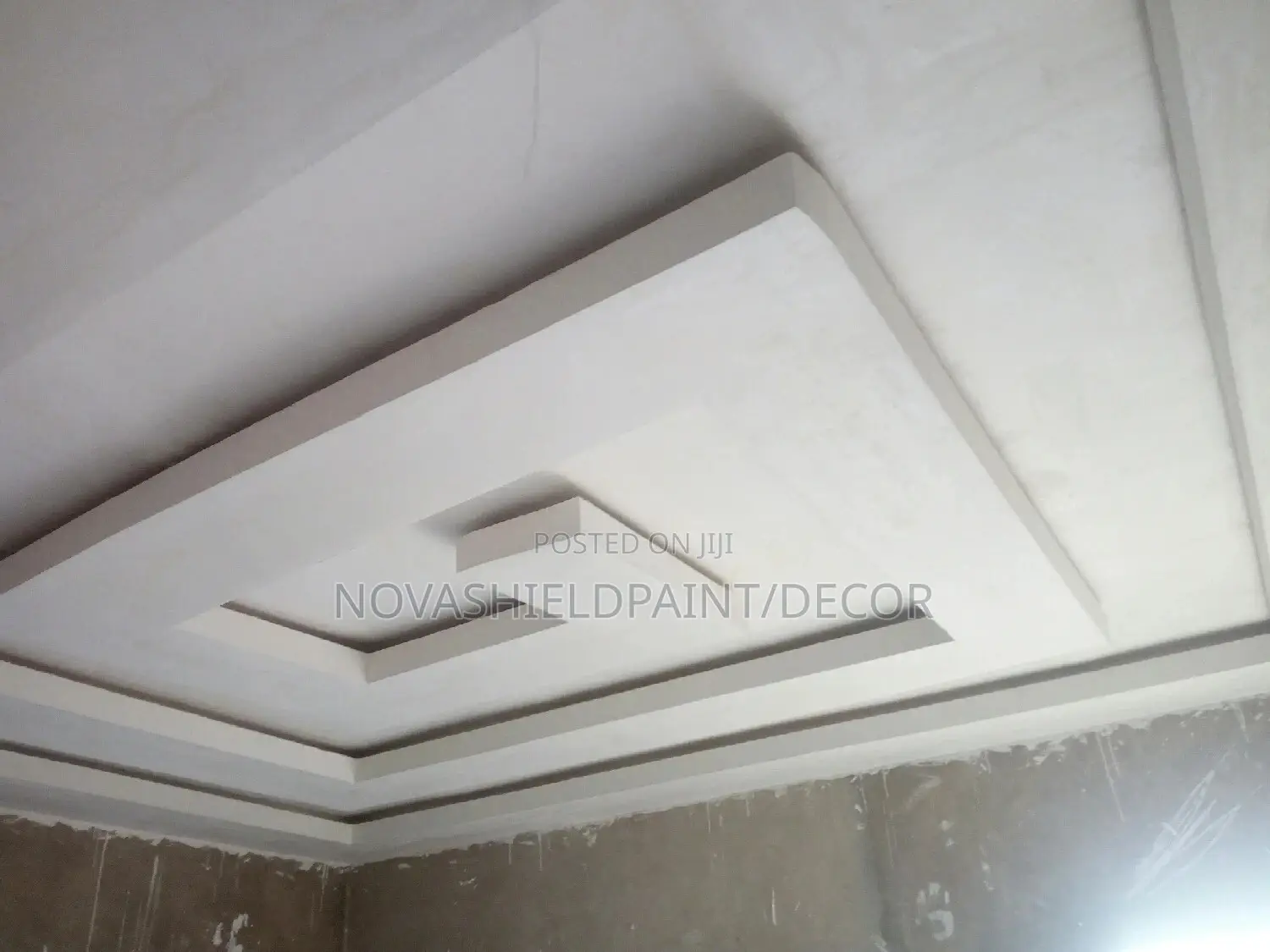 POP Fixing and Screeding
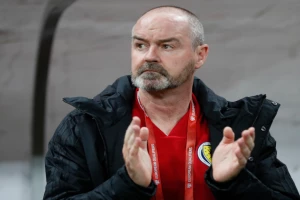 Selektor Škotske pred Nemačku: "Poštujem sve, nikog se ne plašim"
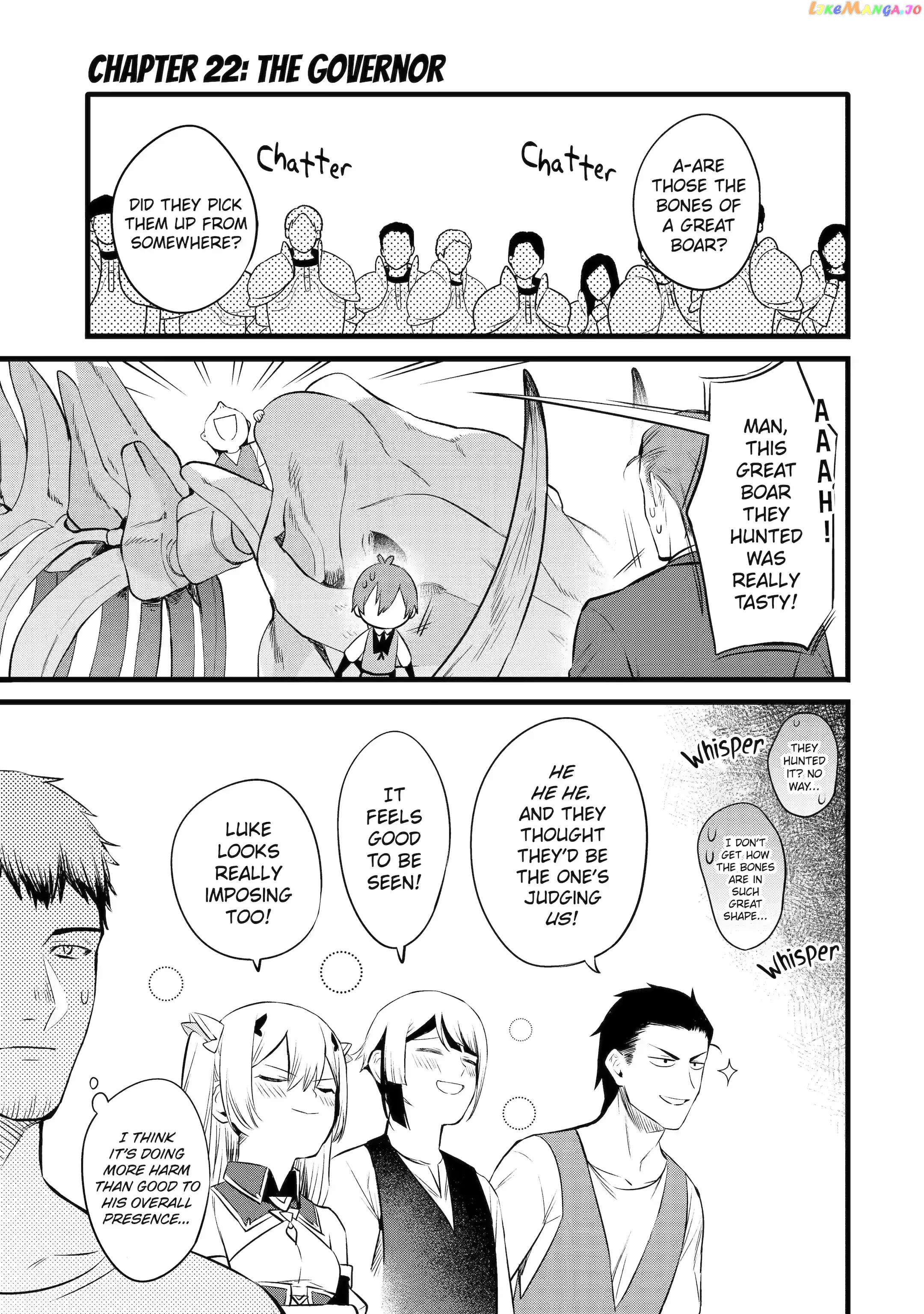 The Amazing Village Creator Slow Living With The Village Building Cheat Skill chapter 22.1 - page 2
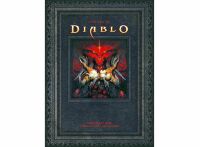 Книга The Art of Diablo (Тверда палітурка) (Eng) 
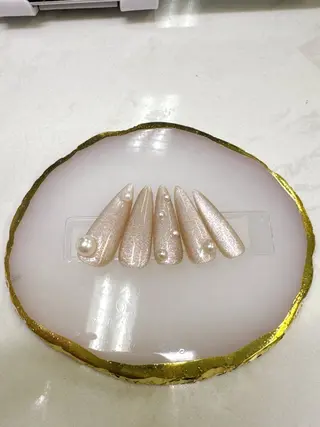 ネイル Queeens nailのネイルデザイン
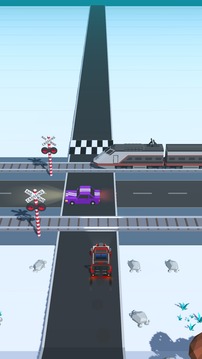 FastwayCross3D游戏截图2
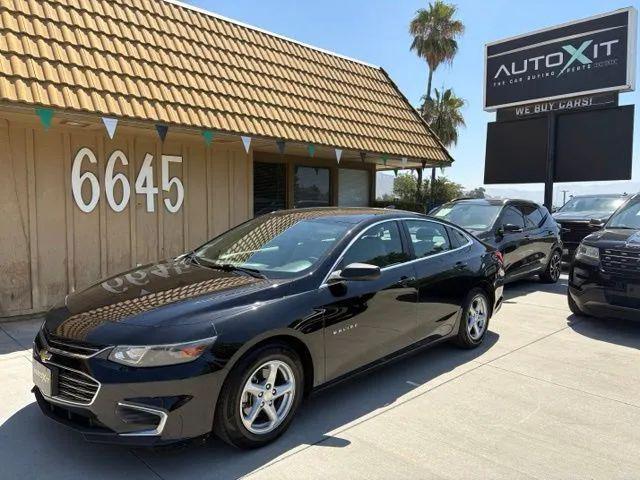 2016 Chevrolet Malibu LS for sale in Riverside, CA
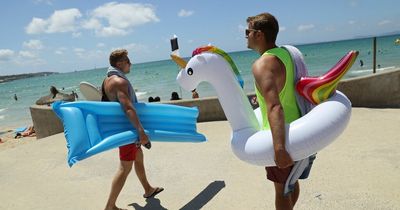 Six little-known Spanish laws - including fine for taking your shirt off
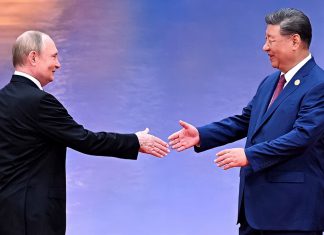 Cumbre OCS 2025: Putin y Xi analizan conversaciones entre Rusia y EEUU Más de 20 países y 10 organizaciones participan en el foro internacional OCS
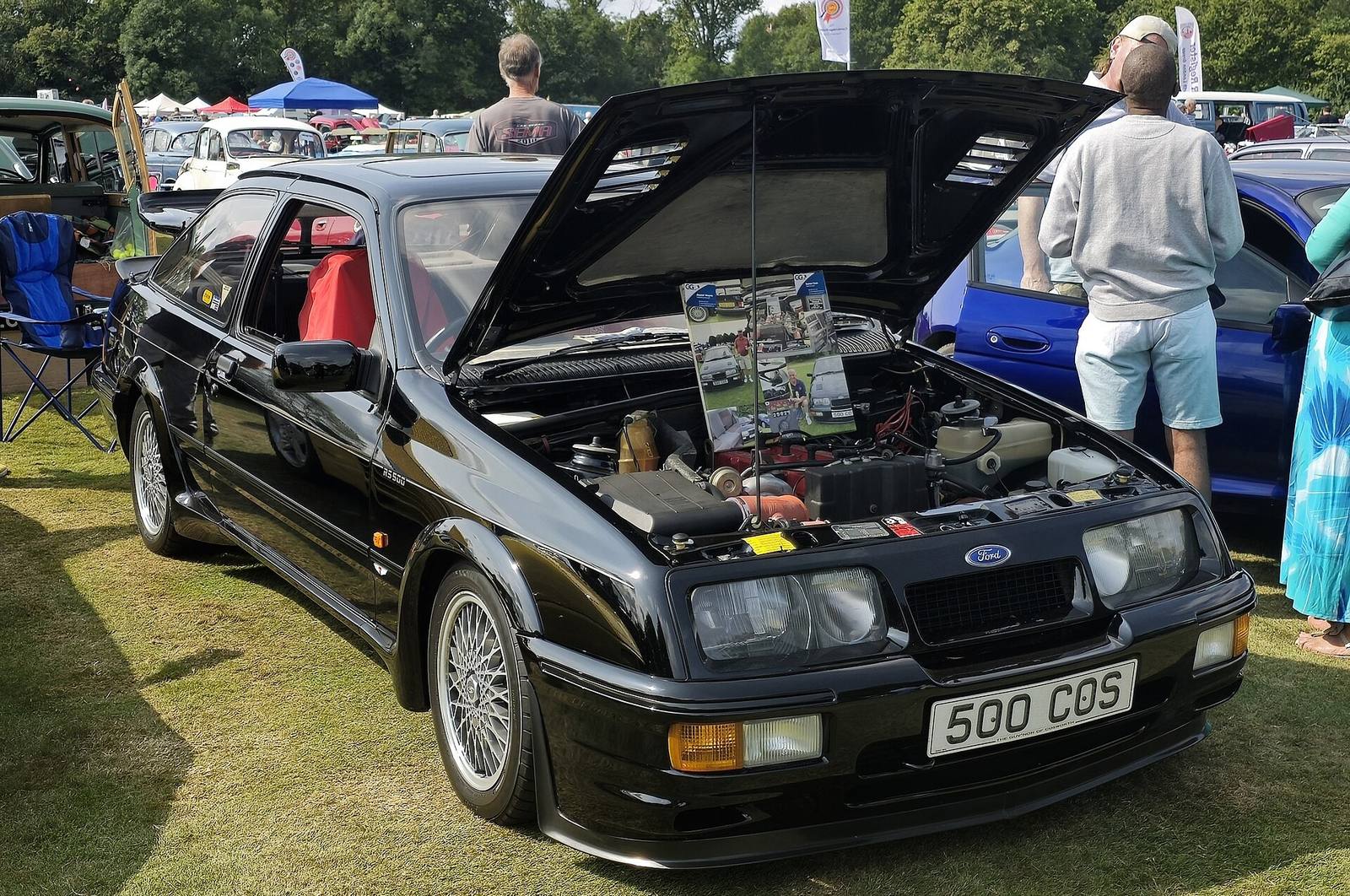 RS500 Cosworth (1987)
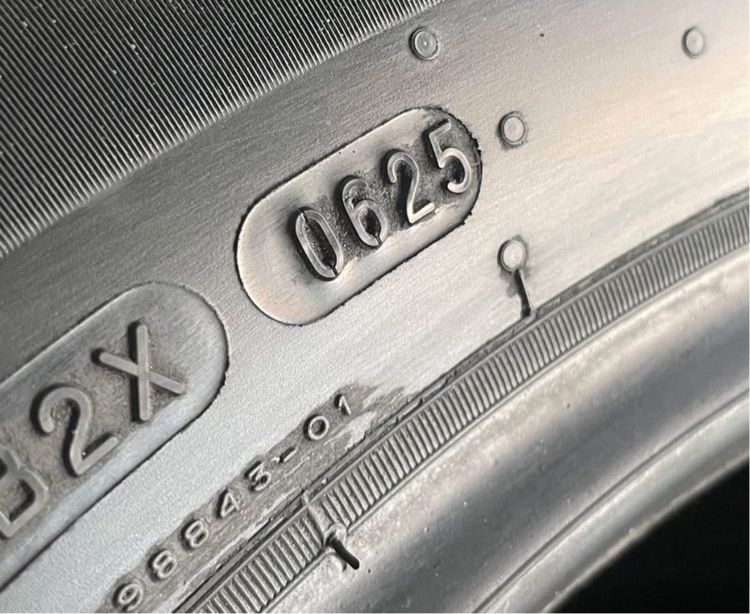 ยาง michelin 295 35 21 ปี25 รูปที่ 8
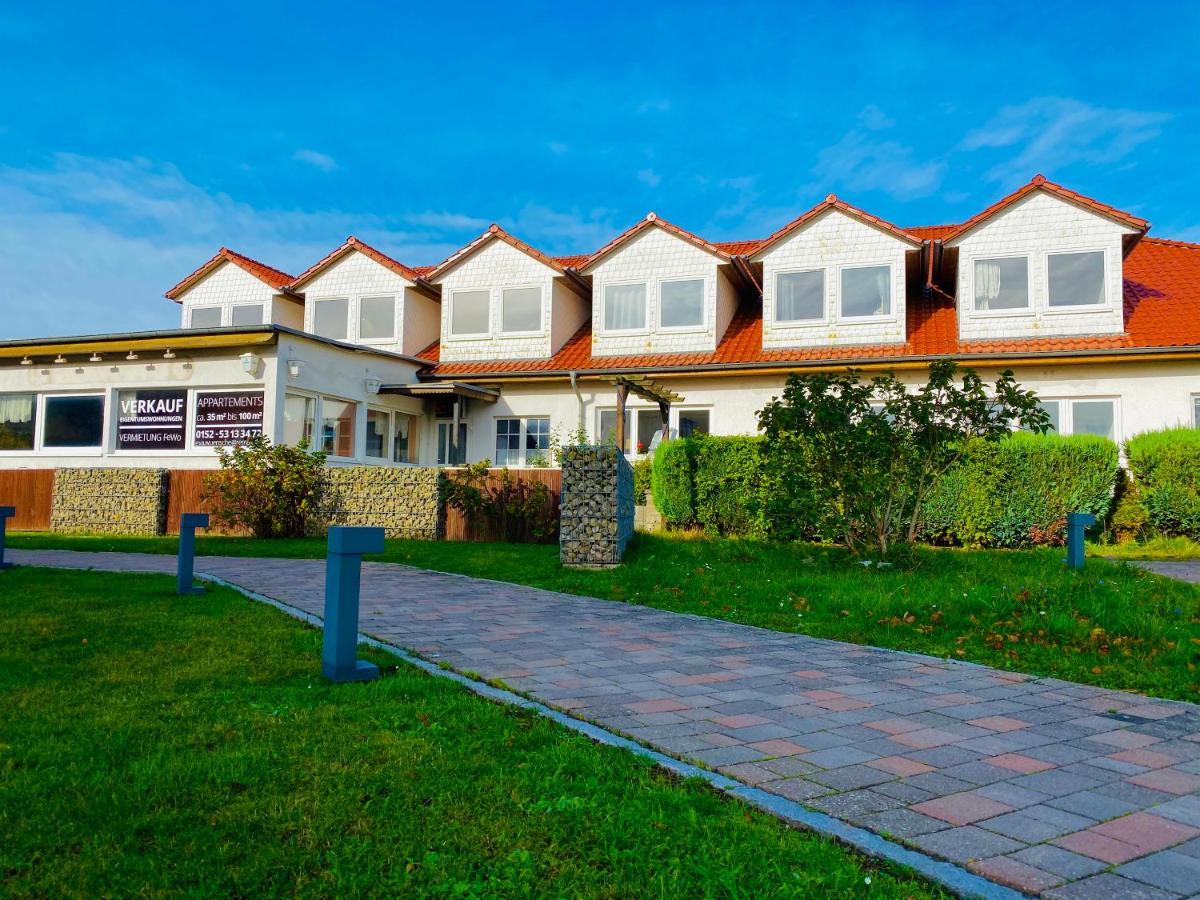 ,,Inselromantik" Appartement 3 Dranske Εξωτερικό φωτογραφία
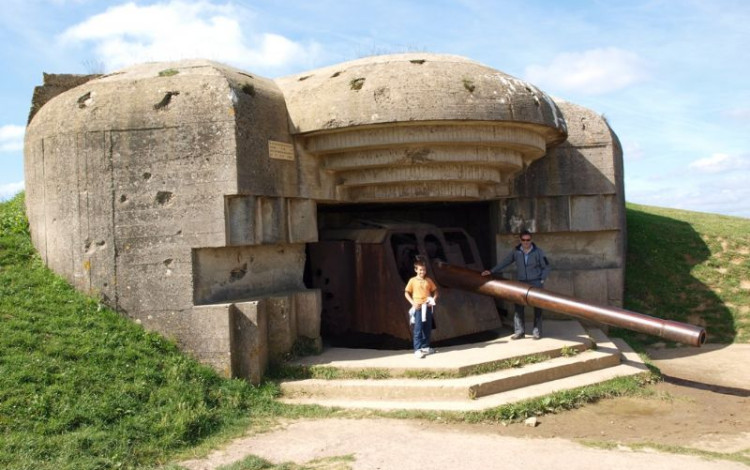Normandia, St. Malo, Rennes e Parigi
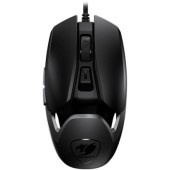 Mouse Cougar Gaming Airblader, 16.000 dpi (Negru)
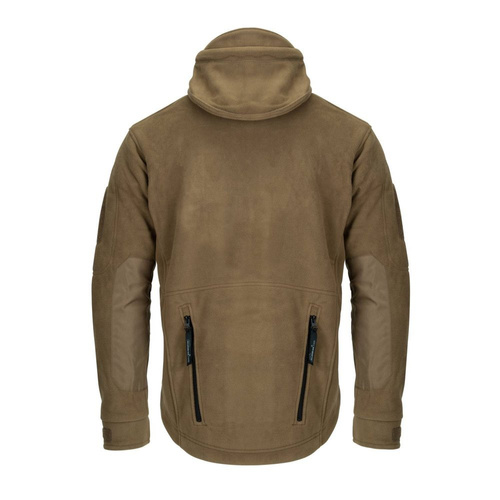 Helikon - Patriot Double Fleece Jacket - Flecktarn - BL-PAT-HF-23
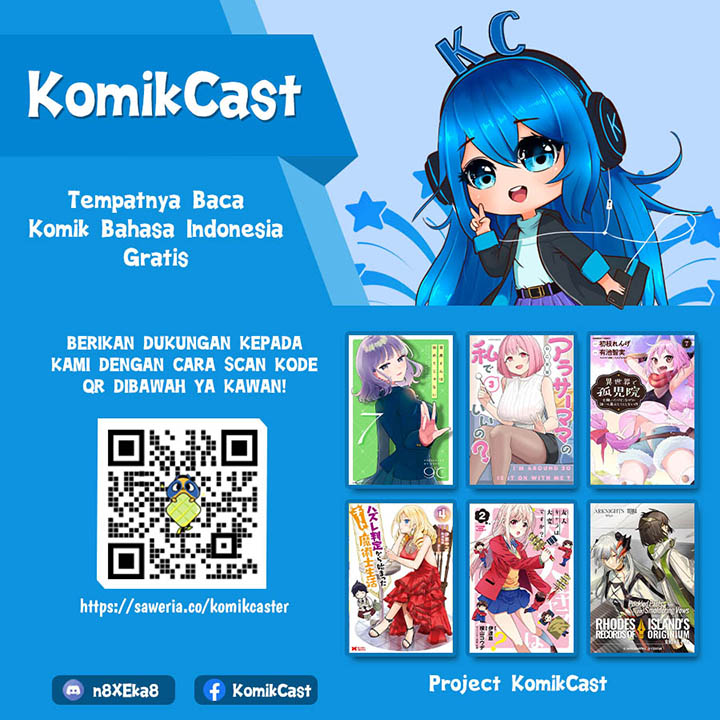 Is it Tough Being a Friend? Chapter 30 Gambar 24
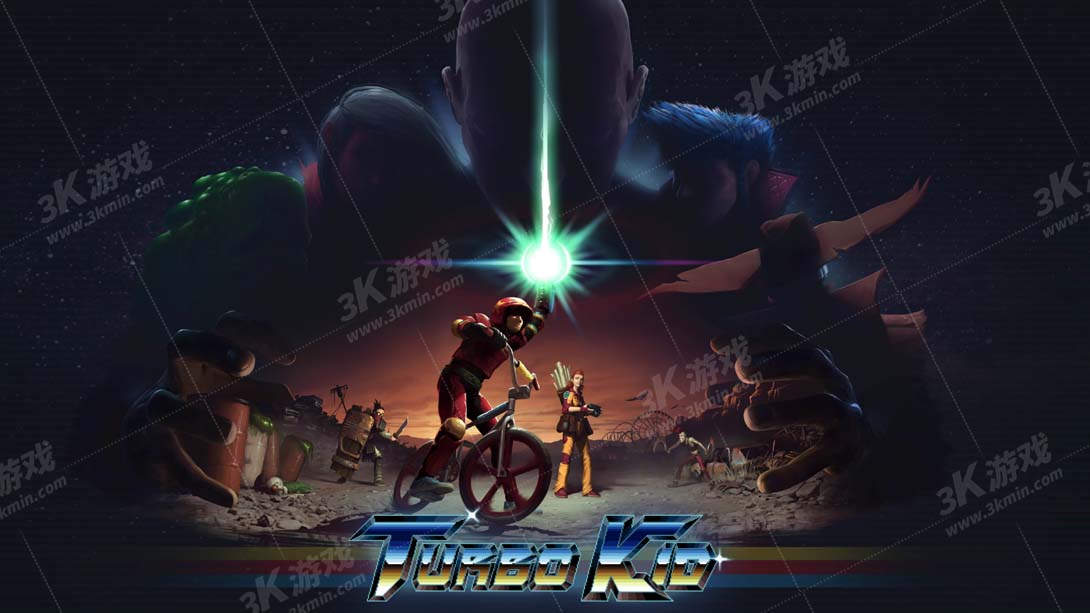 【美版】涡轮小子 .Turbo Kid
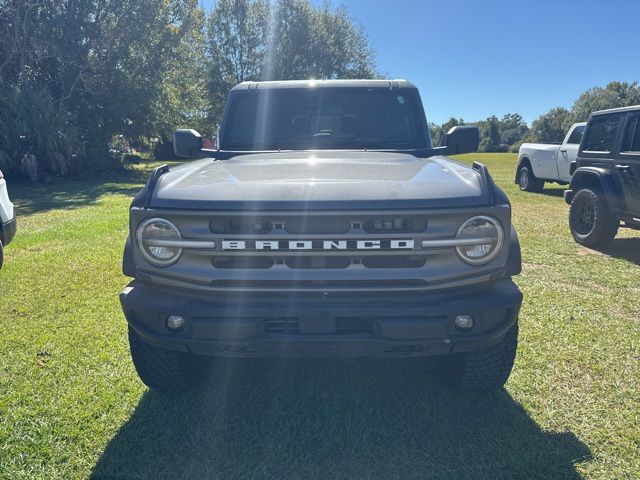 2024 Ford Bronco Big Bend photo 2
========================
● Your task: Reproduce word for word the lines from the one containing "Dranske Εξωτερικό φωτογραφία" through the end of the data, both ends kept. Drop the pictures.

● Answer below:
 ,,Inselromantik" Appartement 3 Dranske Εξωτερικό φωτογραφία
Normandia, St. Malo, Rennes e Parigi
 Mouse Cougar Gaming Airblader, 16.000 dpi (Negru)
 Helikon - Patriot Double Fleece Jacket - Flecktarn - BL-PAT-HF-23
 Is it Tough Being a Friend? Chapter 30 Gambar 24
 【美版】涡轮小子 .Turbo Kid
 2024 Ford Bronco Big Bend photo 2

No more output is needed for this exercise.